## Exercise
Output every entry verbatim.

(Stored entries)

--

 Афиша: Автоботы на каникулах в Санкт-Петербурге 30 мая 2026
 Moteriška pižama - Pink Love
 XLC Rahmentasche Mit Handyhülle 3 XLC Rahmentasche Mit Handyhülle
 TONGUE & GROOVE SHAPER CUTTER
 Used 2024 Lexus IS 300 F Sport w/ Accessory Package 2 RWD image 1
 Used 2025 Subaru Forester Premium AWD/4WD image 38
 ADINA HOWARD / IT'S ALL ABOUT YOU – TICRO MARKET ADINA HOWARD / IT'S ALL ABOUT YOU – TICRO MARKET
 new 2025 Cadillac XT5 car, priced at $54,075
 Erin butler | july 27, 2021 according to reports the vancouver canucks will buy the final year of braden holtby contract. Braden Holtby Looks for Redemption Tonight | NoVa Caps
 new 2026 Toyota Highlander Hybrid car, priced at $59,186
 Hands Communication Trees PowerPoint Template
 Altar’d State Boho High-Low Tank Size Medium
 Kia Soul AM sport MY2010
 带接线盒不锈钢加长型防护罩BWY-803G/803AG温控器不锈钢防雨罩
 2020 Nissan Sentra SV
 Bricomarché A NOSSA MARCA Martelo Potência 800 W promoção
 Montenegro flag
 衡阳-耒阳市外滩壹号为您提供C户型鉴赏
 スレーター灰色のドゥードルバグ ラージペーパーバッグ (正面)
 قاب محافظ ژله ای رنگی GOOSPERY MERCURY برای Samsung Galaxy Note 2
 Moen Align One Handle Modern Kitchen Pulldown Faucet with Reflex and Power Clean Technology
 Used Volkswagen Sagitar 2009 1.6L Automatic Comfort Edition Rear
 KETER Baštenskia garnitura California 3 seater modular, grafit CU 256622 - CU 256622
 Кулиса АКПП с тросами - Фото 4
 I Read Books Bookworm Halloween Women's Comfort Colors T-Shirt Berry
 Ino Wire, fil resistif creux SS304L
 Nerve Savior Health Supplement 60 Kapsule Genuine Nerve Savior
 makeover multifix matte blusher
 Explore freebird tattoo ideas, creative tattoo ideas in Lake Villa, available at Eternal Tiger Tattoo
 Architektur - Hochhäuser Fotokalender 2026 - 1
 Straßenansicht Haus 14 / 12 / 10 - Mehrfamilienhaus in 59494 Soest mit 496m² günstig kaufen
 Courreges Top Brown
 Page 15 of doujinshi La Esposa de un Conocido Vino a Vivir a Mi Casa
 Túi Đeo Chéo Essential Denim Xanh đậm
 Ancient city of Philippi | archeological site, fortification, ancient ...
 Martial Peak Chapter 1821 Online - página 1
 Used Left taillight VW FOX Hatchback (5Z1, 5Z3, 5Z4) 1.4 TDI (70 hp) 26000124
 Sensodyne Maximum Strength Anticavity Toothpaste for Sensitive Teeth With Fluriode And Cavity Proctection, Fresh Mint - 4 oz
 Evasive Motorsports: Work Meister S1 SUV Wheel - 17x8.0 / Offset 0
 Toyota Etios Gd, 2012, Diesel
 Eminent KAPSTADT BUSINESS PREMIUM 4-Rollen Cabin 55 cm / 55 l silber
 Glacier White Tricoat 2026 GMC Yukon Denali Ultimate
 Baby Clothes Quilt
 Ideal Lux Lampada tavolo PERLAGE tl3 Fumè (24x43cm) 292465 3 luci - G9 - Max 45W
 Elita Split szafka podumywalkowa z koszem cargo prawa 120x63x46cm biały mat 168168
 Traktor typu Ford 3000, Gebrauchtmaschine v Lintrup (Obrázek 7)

--

## Response for this exercise
 Афиша: Автоботы на каникулах в Санкт-Петербурге 30 мая 2026
 Moteriška pižama - Pink Love
 XLC Rahmentasche Mit Handyhülle 3 XLC Rahmentasche Mit Handyhülle
 TONGUE & GROOVE SHAPER CUTTER
 Used 2024 Lexus IS 300 F Sport w/ Accessory Package 2 RWD image 1
 Used 2025 Subaru Forester Premium AWD/4WD image 38
 ADINA HOWARD / IT'S ALL ABOUT YOU – TICRO MARKET ADINA HOWARD / IT'S ALL ABOUT YOU – TICRO MARKET
 new 2025 Cadillac XT5 car, priced at $54,075
 Erin butler | july 27, 2021 according to reports the vancouver canucks will buy the final year of braden holtby contract. Braden Holtby Looks for Redemption Tonight | NoVa Caps
 new 2026 Toyota Highlander Hybrid car, priced at $59,186
 Hands Communication Trees PowerPoint Template
 Altar’d State Boho High-Low Tank Size Medium
 Kia Soul AM sport MY2010
 带接线盒不锈钢加长型防护罩BWY-803G/803AG温控器不锈钢防雨罩
 2020 Nissan Sentra SV
 Bricomarché A NOSSA MARCA Martelo Potência 800 W promoção
 Montenegro flag
 衡阳-耒阳市外滩壹号为您提供C户型鉴赏
 スレーター灰色のドゥードルバグ ラージペーパーバッグ (正面)
 قاب محافظ ژله ای رنگی GOOSPERY MERCURY برای Samsung Galaxy Note 2
 Moen Align One Handle Modern Kitchen Pulldown Faucet with Reflex and Power Clean Technology
 Used Volkswagen Sagitar 2009 1.6L Automatic Comfort Edition Rear
 KETER Baštenskia garnitura California 3 seater modular, grafit CU 256622 - CU 256622
 Кулиса АКПП с тросами - Фото 4
 I Read Books Bookworm Halloween Women's Comfort Colors T-Shirt Berry
 Ino Wire, fil resistif creux SS304L
 Nerve Savior Health Supplement 60 Kapsule Genuine Nerve Savior
 makeover multifix matte blusher
 Explore freebird tattoo ideas, creative tattoo ideas in Lake Villa, available at Eternal Tiger Tattoo
 Architektur - Hochhäuser Fotokalender 2026 - 1
 Straßenansicht Haus 14 / 12 / 10 - Mehrfamilienhaus in 59494 Soest mit 496m² günstig kaufen
 Courreges Top Brown
 Page 15 of doujinshi La Esposa de un Conocido Vino a Vivir a Mi Casa
 Túi Đeo Chéo Essential Denim Xanh đậm
 Ancient city of Philippi | archeological site, fortification, ancient ...
 Martial Peak Chapter 1821 Online - página 1
 Used Left taillight VW FOX Hatchback (5Z1, 5Z3, 5Z4) 1.4 TDI (70 hp) 26000124
 Sensodyne Maximum Strength Anticavity Toothpaste for Sensitive Teeth With Fluriode And Cavity Proctection, Fresh Mint - 4 oz
 Evasive Motorsports: Work Meister S1 SUV Wheel - 17x8.0 / Offset 0
 Toyota Etios Gd, 2012, Diesel
 Eminent KAPSTADT BUSINESS PREMIUM 4-Rollen Cabin 55 cm / 55 l silber
 Glacier White Tricoat 2026 GMC Yukon Denali Ultimate
 Baby Clothes Quilt
 Ideal Lux Lampada tavolo PERLAGE tl3 Fumè (24x43cm) 292465 3 luci - G9 - Max 45W
 Elita Split szafka podumywalkowa z koszem cargo prawa 120x63x46cm biały mat 168168
 Traktor typu Ford 3000, Gebrauchtmaschine v Lintrup (Obrázek 7)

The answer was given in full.